# [XORG] Proyectores en GNU/Linux (SOLUCIONADO)

## sirope

Hola, hola.

A ver si alguien me echa una patita,

Que será necesario hacer para...

1. Hacer funcionar un proyector, (No estoy seguro si la marca/modelo es relevante) en un CPU con una distro Linux/BSD usando X11.. He visto que en distros amigables existen varias secciones InputDevice para el mouse y el teclado, de ese modo o funciona, o funciona.. ¿Debería hacer igual con el monitor?, digo, ¿Es necesario agregar una sección especial a xorg.conf para el proyector?
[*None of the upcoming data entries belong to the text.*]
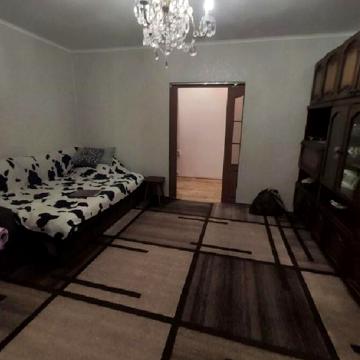 Небесної Сотні просп. (Маршала Жукова), 14б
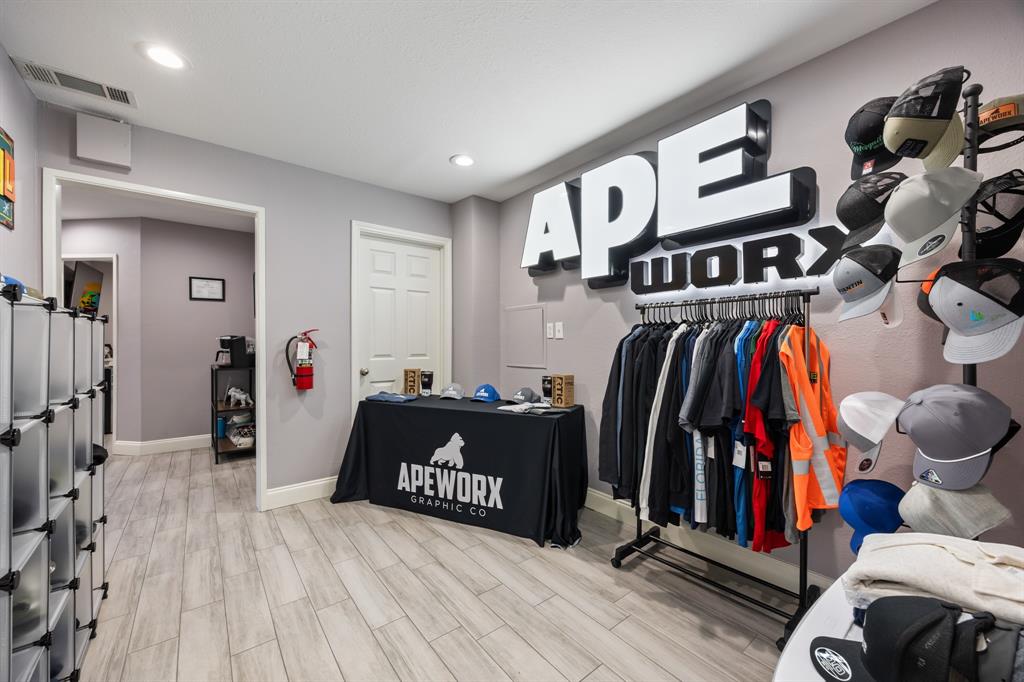 Rowlett Bus Park 02 - Commercial Sale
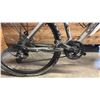 Image 4 : SPECIALIZED HARD ROCK COMP 24 SPEED BIKE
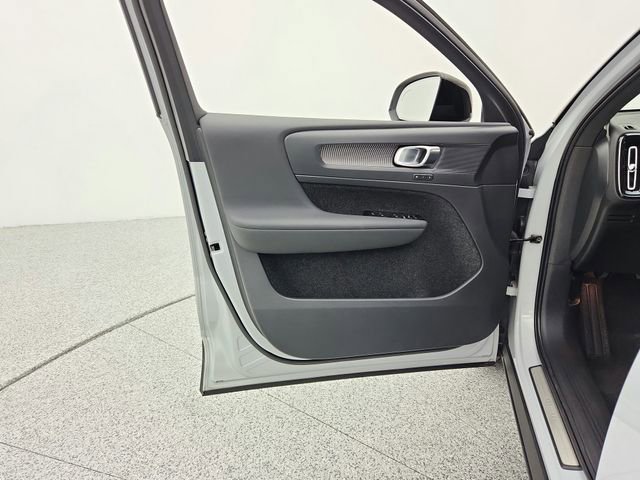 Certified 2022 Volvo XC40 P8 Recharge Plus image 38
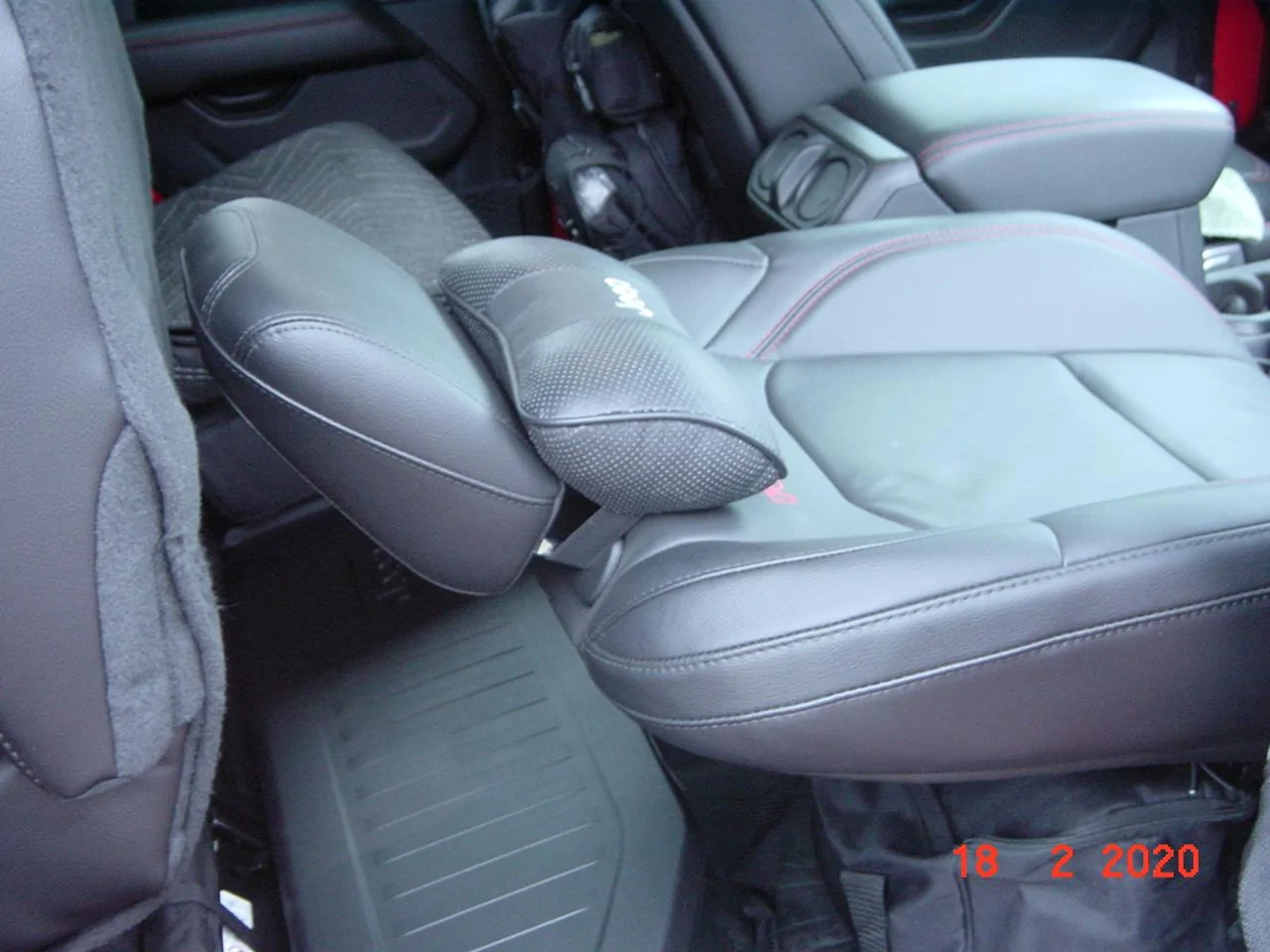 Jeep Gladiator Request: Picture of fully reclined seat DSC01226
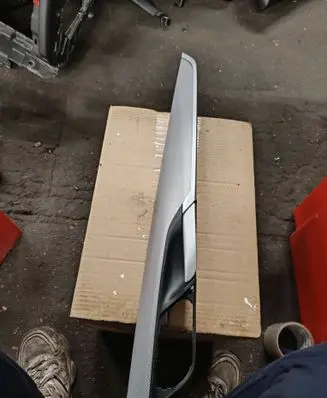 BMW X5 F15 Front door trim bar 7292182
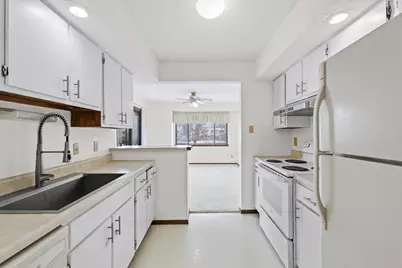 2144 Harbortown Circle #2144, Champaign, IL 61821 - Photo 13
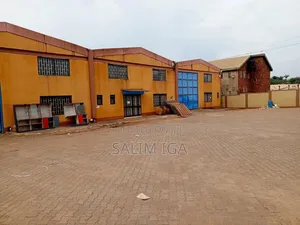 Spacious Warehouse for Rent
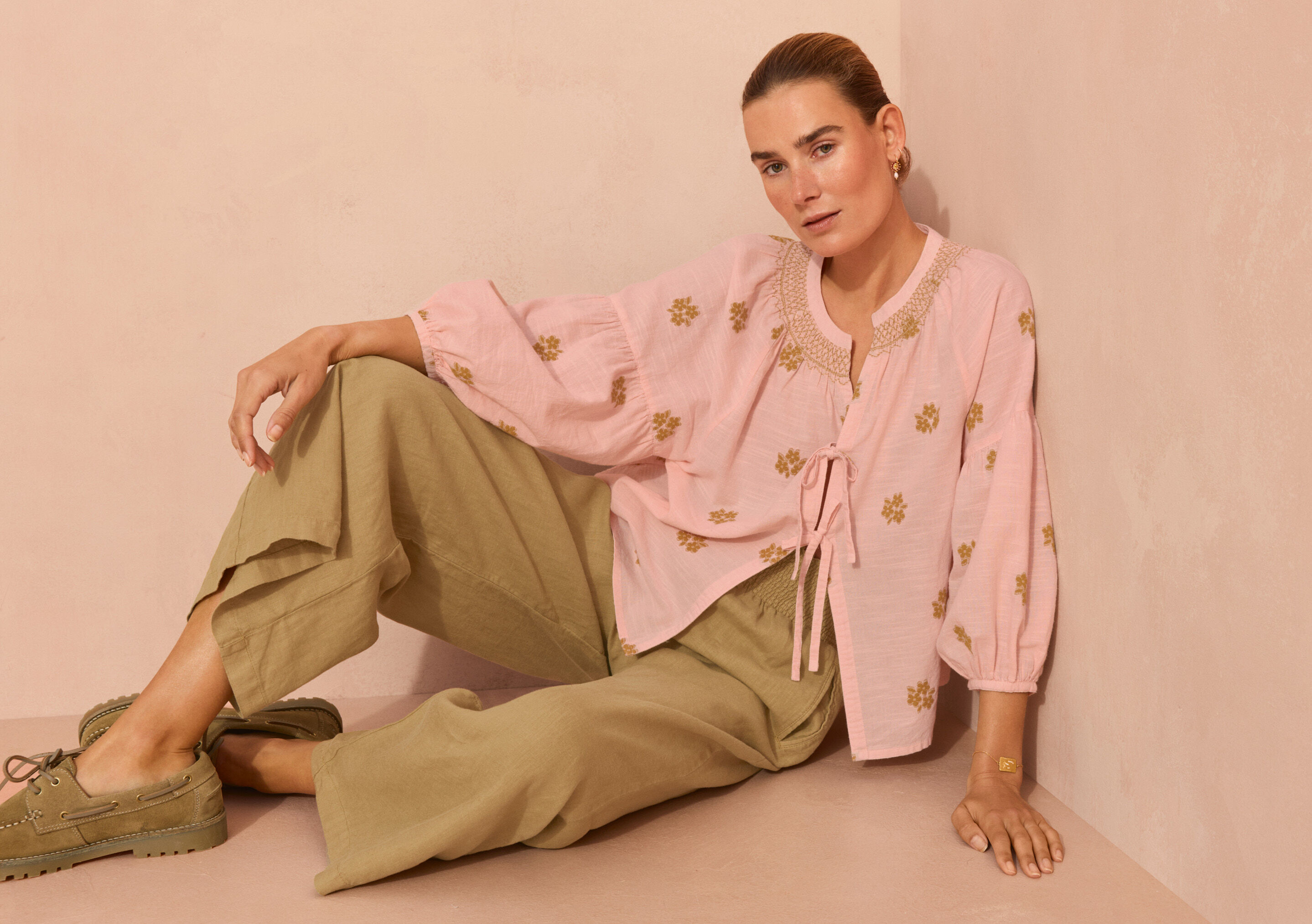 Bluse aus geklipptem Jacquard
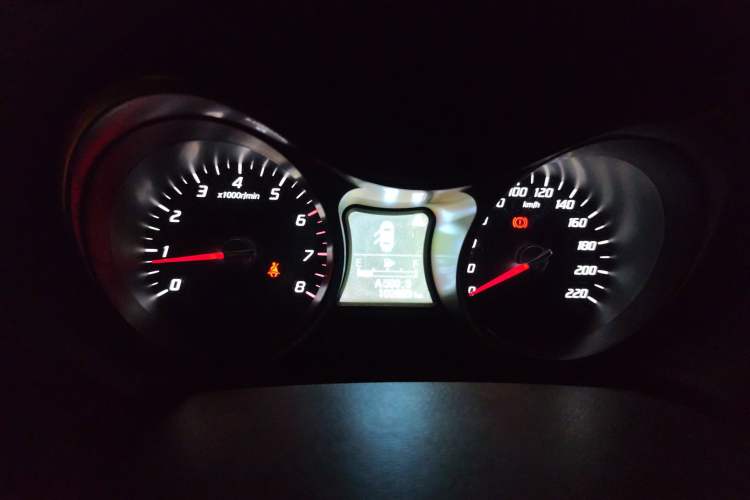 Used Haima S5 2015 1.6L Manual Luxury Model with Sunroof Instrument Cluster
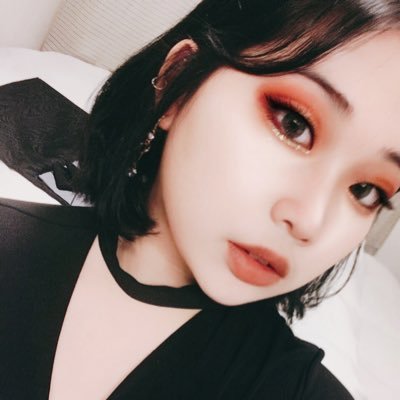 cosmetic99's profile picture. 코덕💕/ #냔네일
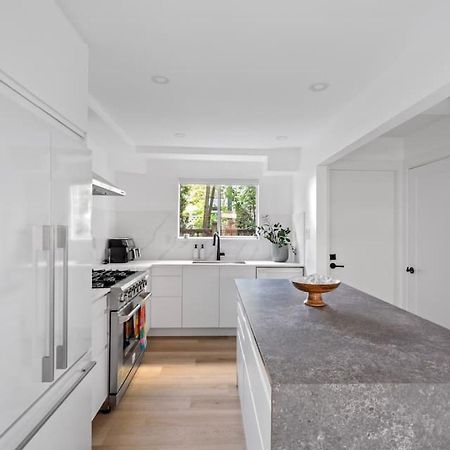 וונקובר Modern Kitsilano 2 Bedroom Home With A Hot Tub מראה חיצוני תמונה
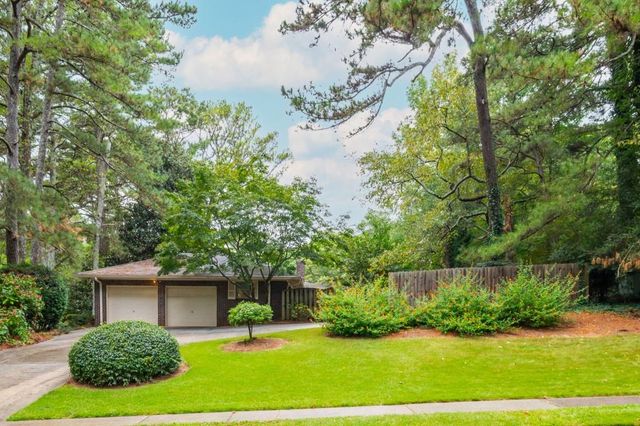 1664 Mason Mill NE Road, Atlanta, GA 30329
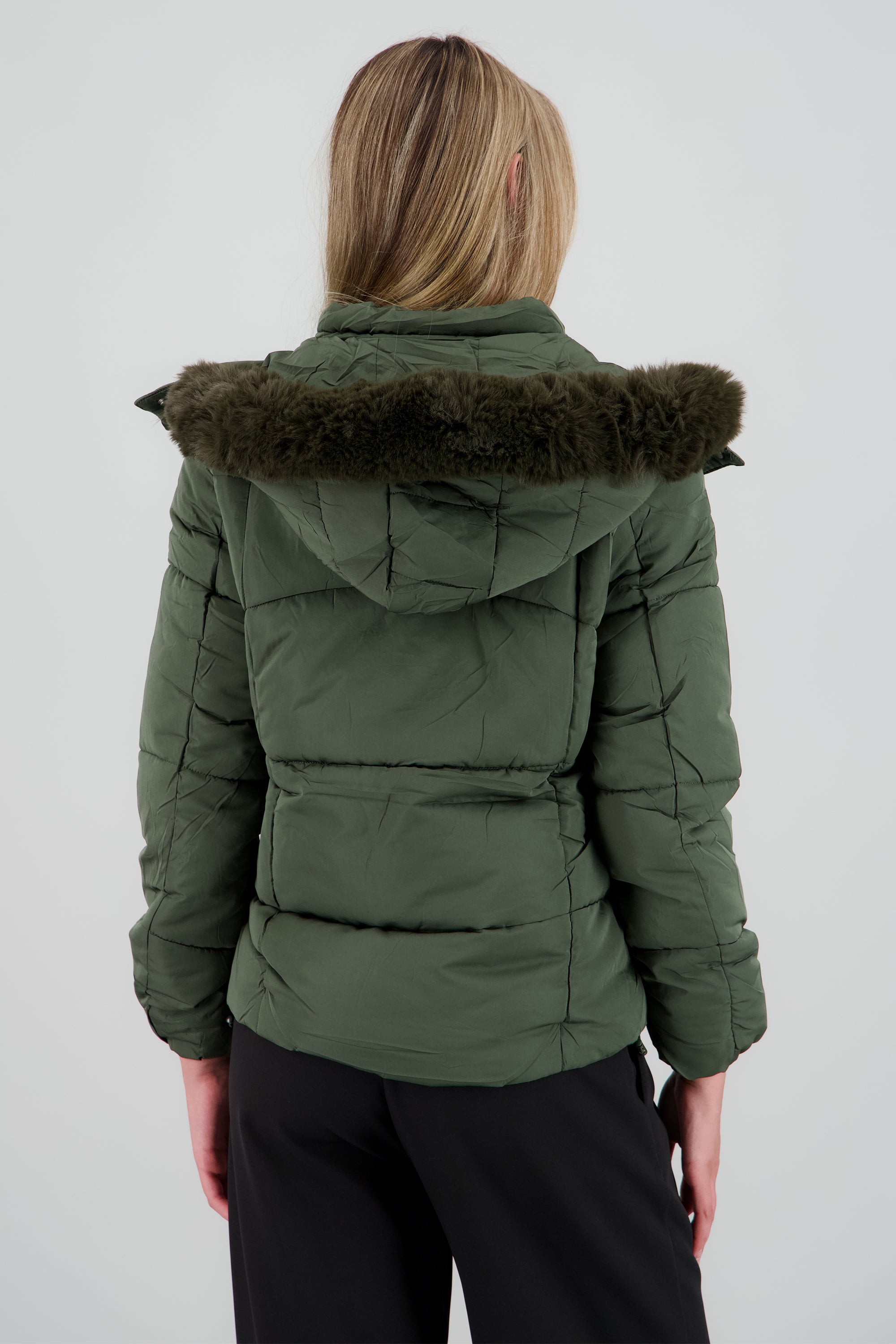 Puffer bolsas con gorro peluche OLIVO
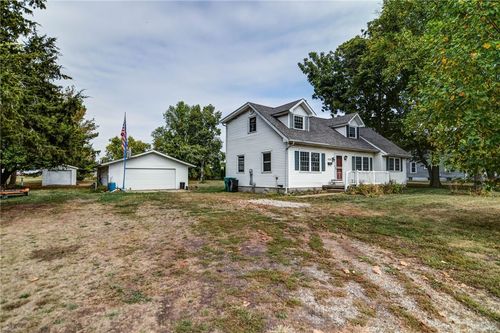 230 W Ward St, Dalton City, IL, 61925-1022 | Card Image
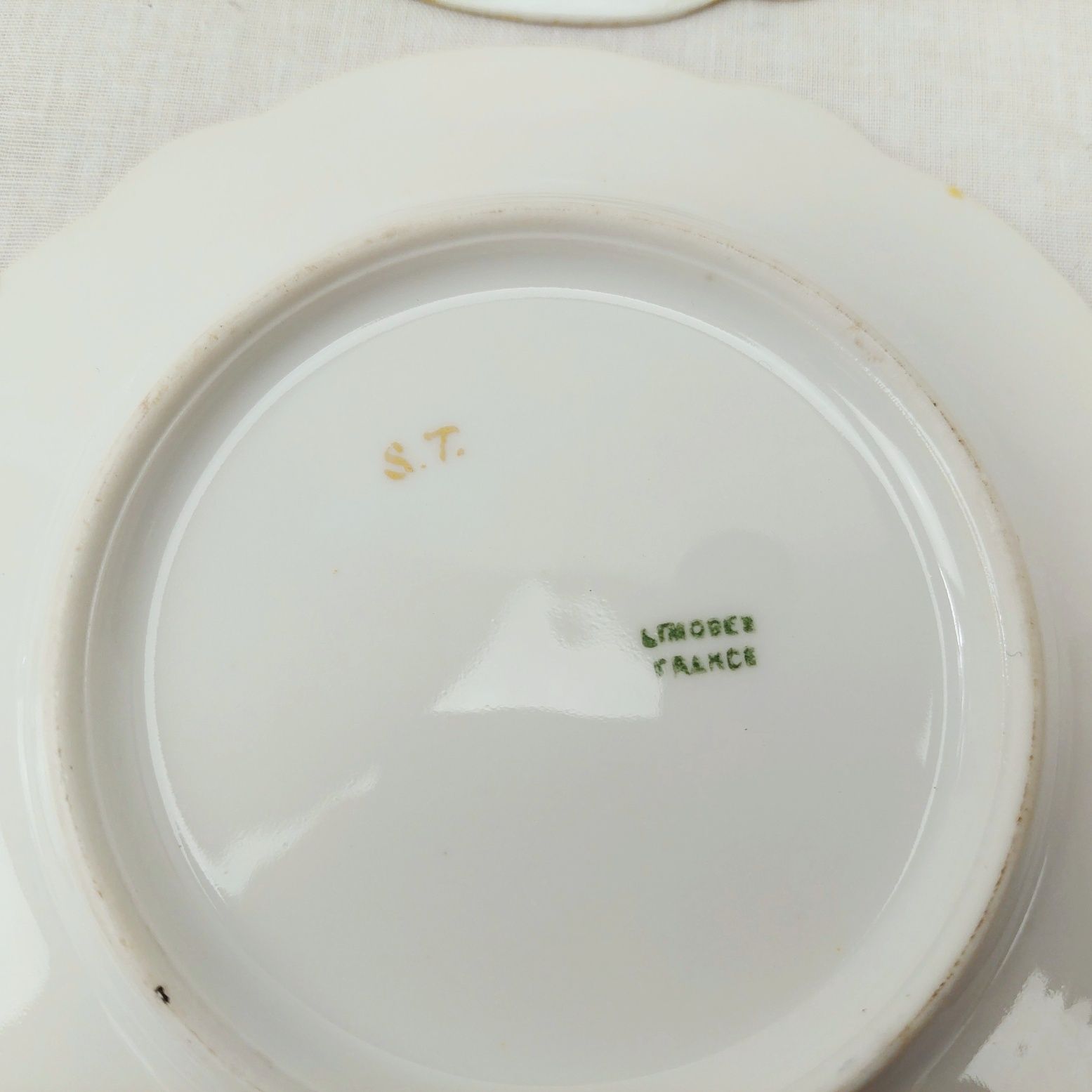 JA_2676167943 - c1890 Set of 6 Tea Plates & 4 Saucers by Jean Pouyat Limoges (15)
He generado el archivo con xorgcfg, de modo que todo lo que tengo es mi IBM SVGA 1024x768:

```
Section "Monitor"

        Identifier   "Monitor"

        VendorName   "Monitor Vendor"

        ModelName    "Monitor Model"

        HorizSync    31.5 - 48.5

        VertRefresh  50.0 - 90.0
```

2. En caso de usar un portátil, ¿Cómo activo la salida de video VGA? suponiendo que el sistema no detecte las teclas de función.

3. Mientras estudiaba me llama una chica que necesitaba ayuda con su portátil, debía presentar un proyecto pero no sabia que debes activar la salida de video VGA, acostumbrado a estos casos me apresuré a presionar Fn+F5 en el aparatito con Windows XP, pero la diabla había jodido el teclado y conectado un chiqui-teclado en el usb, así que no habían tal Fn... (Lástima era un vaio muy bonita) Resumiendo..¿Cómo activo la salida de video en Win2, cuando los niños se han comido el teclado?

Saluditos!Last edited by sirope on Sat Jan 12, 2008 4:09 pm; edited 1 time in total

----------

## opotonil

1. La verdad que ni idea, pero cuando he tenido problemas con el xorg.conf y he buscado ejemplos me suena haber visto alguno que tenia mas de una seccion monitor, asi que imagino que tengas que agregar otra para el proyector.

2. Utilizando kde, desde que active la use xinerama, boton derecho en el escritorio, opcion "configurar escritorio" en la ventana que aparece de los iconos de la derecha "pantalla" y por ultimo la pestaña "Multiples monitores".

3. en Win si no recuerdo mal era boton derecho en el escritorio, opcion "propiedades" y en la ventana que aparece la pestaña de la derecha del todo que de memoria no recuerdo como se llama y hay si no recuerdo mal tienes varias opciones para clonar/extender el escritorio (muchos drivers de Win, tanto ATI como Nvidia, suelen permitir el clonar/extender el escritorio desde sus propios menus a los que se suele acceder mediante el icono del driver en la barra de tareas)

Salu2.

----------

## sirope

 *Quote:*   

> 2. Utilizando kde, desde que active la use xinerama, boton derecho en el escritorio, opcion "configurar escritorio" en la ventana que aparece de los iconos de la derecha "pantalla" y por ultimo la pestaña "Multiples monitores".

 

Hola, Gracias por responder.. ¿Será necesario activar xinerama?

```
3. en Win si no recuerdo mal era boton derecho en el escritorio, opcion "propiedades" y en la ventana que aparece la pestaña de la derecha del todo que de memoria no recuerdo como se llama y hay si no recuerdo mal tienes varias opciones para clonar/extender el escritorio (muchos drivers de Win, tanto ATI como Nvidia, suelen permitir el clonar/extender el escritorio desde sus propios menus a los que se suele acceder mediante el icono del driver en la barra de tareas)

```

Eso cuando el driver ha creado una sección especial no?.. Suelen hacerlo en el menú.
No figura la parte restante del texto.